# Dark harpsichord music?



## Venetia (Jan 20, 2014)

Hello... I find that I am very fond of the harpsichord; it possesses such an exquisite sound. But I am practically new to classical music so I am looking to the more experienced users here to lend me a helping hand in finding harpsichord classical compilations that suit my tastes.

Something: 
dark
vampyric
gothic
sinister

This compilation has some stuff that appeals to me: 



One example of what I especially like is about 24 seconds in, and also beginning around 59 seconds in.


----------



## ArtMusic (Jan 5, 2013)

Welcome. You could try some of the harpsichord sonatas of Domenico Scarlatti (who was born in the same great year as J. S. Bach and Handel in 1685, what a truely great year for music that was, even for dark harpsichord music)!


----------



## Andolink (Oct 29, 2012)

Try the harpsichord suites of *Louis Couperin* and *Johann Jakob Froberger*.


----------



## Bulldog (Nov 21, 2013)

Bach's Chromatic Fantasia and Fugue in D minor, BWV 903 is perfect for your tastes.


----------



## PetrB (Feb 28, 2012)

Francis Poulenc ~ Concert champêtre for Harpsichord and Orchestra





Manuel de Falla ~ Concerto for Harpsichord, flute, oboe, clarinet, violin and 'cello





Jean Françaix: 
Concerto for Harpsichord and chamber ensemble




L'Insectarium (Harpsichord solo)





Bohuslav Martinů Concerto for Harpsichord and Small Orchestra





Frank Martin ~ Concerto for Harpsichord and chamber orchestra





Vittorio Rieti: 
Partita, for flute, oboe, string quartet and Harpsichord




Concerto for Harpsichord and Orchestra





Gian Francesco Malipiero: Dialogo VI, for harpsichord and orchestra









Allen Sapp: Imaginary Creatures: A Bestiary for Credulous, for harpsichord and chamber orchestra
I. Halcyons / II. Basilisk / III. Unicorn / IV. Phoenix / V. Centaurs





George Barati ~ Harpsichord Quartet, for harpsichord, flute, oboe, english horn, bass





Maurice Ohana ~ Chiffres de clavecin 





György Ligeti ~ Continuum (harpsichord solo)

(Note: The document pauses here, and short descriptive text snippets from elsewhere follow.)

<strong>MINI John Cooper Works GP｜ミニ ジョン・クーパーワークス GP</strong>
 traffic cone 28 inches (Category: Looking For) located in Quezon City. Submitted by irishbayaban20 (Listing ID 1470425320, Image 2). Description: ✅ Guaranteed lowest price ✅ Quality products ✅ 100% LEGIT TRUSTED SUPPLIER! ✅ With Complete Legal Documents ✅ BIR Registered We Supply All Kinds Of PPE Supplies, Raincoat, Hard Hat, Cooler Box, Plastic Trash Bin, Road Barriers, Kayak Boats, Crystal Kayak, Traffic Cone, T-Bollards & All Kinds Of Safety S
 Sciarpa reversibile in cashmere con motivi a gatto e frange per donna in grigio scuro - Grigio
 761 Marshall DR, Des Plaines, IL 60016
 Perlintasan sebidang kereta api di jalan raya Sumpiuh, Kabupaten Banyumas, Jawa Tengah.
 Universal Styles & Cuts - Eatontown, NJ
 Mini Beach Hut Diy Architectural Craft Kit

Elliott Carter ~ Sonata for flute, Oboe, Clarinet, Cello and Harpsichord.


----------



## Winterreisender (Jul 13, 2013)

I find these pieces sort of sinister sounding...


----------



## ahammel (Oct 10, 2012)

Górceki's Harpsichord Concerto


----------



## PetrB (Feb 28, 2012)

ahammel said:


> Górceki's Harpsichord Concerto


Ah yes! Both halves, the first in minor, the second major, have a creepy and completely manic feel to them


----------



## brotagonist (Jul 11, 2013)

Xenakis - _Khoaï_

Elisabeth *Chojnacka*, Harpsichord / Sylvio Gualda, Percussion have done a beautiful album on Erato. It also includes the marvellous _À l'île de Gorée_ for amplified harpsichord.

Richard Grossman programmed a midi computer to perform it. The NEOS album is sensational and one of my treasured top 500 classical albums.






Of course, there's always Bach's famous _Toccata and Fugue in D minor_  An absolute favourite!


----------



## Draugen (Dec 26, 2013)

This might fit the bill, compilation of melancholy harpsichord. Including Couperin, Froberger and others..

http://www.amazon.co.uk/Pour-passer...456&sr=1-1&keywords=pour+passer+la+mélancolie


----------



## Ravndal (Jun 8, 2012)

Handel - Prelude (From suite no 3)






Perahia's piano version is so much better though.


----------



## revdrdave (Jan 8, 2014)

Anything by Lurch from _The Addams Family_...


----------



## GiulioCesare (Apr 9, 2013)

Winterreisender said:


>


Have you seen Barry Lindon? If so, then that might influence your view.


----------



## GiulioCesare (Apr 9, 2013)

I was going to suggest the first movement of Falla's little Harpsichord concerto (as far as I know, the first Harpsichord concerto of the modern era). The heavily dissonant sounds of the Harpsichord and accompanying instruments do give me a sense of unease. I see PetrB has suggested it already, along with many other excellent pieces.


----------



## hpowders (Dec 23, 2013)

Any minor key harpsichord sonata by Domenico Scarlatti would fit the bill and he wrote A LOT to choose from!!!


----------



## PetrB (Feb 28, 2012)

More likely than not about as remote from the taste and preferences of the OP as could be, but I would be remiss to exclude it.

John Cage HPSCHD, computer, tape, and one helluva sound piece / assemblage. Virtually guaranteed to put most people's minds in a very foreign territory, every second of its ca. 22 minutes' duration


----------



## Bulldog (Nov 21, 2013)

Draugen said:


> This might fit the bill, compilation of melancholy harpsichord. Including Couperin, Froberger and others..
> 
> http://www.amazon.co.uk/Pour-passer...456&sr=1-1&keywords=pour+passer+la+mélancolie


That's a spot-on recommendation - the right time period and type of music.


----------



## starthrower (Dec 11, 2010)

From an obscure vinyl release, The Harpsichord and its History.


----------



## Venetia (Jan 20, 2014)

Thank you all for the recommendations! I shall spend some time listening to these.


----------